Your assignment:
When you reach the line containing "Filtro HEPA E" in the records below, start copying exactly, and stop once you have copied the line containing "Thumbnail: 2018 Ford Explorer - 13".

Data for this task:

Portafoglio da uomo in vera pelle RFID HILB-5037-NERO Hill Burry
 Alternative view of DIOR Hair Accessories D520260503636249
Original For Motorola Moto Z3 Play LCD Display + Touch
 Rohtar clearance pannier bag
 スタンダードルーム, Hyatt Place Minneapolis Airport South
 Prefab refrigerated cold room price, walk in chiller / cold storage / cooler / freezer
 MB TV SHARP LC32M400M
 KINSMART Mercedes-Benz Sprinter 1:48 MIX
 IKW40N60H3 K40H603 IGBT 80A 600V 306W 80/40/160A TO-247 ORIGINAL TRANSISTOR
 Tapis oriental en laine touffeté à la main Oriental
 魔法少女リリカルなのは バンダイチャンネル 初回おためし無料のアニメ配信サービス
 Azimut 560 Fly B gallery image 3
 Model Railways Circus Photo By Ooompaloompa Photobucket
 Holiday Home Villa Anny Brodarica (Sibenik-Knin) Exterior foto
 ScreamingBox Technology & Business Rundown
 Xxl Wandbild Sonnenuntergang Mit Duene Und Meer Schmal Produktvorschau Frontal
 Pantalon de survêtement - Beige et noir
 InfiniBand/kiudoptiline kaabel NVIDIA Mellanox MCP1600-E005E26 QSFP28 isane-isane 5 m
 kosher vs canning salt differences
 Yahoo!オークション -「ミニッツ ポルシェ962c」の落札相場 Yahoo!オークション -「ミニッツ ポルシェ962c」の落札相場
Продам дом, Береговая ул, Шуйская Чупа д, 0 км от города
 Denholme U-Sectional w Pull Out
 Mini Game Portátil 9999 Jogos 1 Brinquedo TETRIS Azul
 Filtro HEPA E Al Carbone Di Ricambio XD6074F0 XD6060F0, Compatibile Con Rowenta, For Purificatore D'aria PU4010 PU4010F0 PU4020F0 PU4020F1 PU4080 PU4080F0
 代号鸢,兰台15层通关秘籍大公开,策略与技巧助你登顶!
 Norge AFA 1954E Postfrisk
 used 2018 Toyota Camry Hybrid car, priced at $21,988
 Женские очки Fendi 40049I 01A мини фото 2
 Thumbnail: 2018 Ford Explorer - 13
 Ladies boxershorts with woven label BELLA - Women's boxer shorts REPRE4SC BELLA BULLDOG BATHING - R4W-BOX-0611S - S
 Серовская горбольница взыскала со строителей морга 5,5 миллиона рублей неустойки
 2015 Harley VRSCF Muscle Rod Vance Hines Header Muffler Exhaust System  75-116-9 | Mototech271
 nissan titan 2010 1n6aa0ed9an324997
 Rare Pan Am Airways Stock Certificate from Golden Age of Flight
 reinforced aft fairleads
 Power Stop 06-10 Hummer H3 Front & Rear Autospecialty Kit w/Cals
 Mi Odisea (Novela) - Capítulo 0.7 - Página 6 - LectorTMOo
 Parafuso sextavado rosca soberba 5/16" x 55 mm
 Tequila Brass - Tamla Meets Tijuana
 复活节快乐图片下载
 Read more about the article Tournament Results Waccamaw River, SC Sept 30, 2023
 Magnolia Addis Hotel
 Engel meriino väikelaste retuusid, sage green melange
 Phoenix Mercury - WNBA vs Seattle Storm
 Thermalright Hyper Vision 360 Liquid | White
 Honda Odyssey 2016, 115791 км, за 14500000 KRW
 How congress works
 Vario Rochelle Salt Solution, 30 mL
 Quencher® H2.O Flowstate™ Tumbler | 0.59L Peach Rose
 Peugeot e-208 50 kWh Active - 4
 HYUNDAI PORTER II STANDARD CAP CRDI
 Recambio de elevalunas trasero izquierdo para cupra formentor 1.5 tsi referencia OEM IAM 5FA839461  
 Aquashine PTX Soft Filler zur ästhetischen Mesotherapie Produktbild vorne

Task response:
 Filtro HEPA E Al Carbone Di Ricambio XD6074F0 XD6060F0, Compatibile Con Rowenta, For Purificatore D'aria PU4010 PU4010F0 PU4020F0 PU4020F1 PU4080 PU4080F0
 代号鸢,兰台15层通关秘籍大公开,策略与技巧助你登顶!
 Norge AFA 1954E Postfrisk
 used 2018 Toyota Camry Hybrid car, priced at $21,988
 Женские очки Fendi 40049I 01A мини фото 2
 Thumbnail: 2018 Ford Explorer - 13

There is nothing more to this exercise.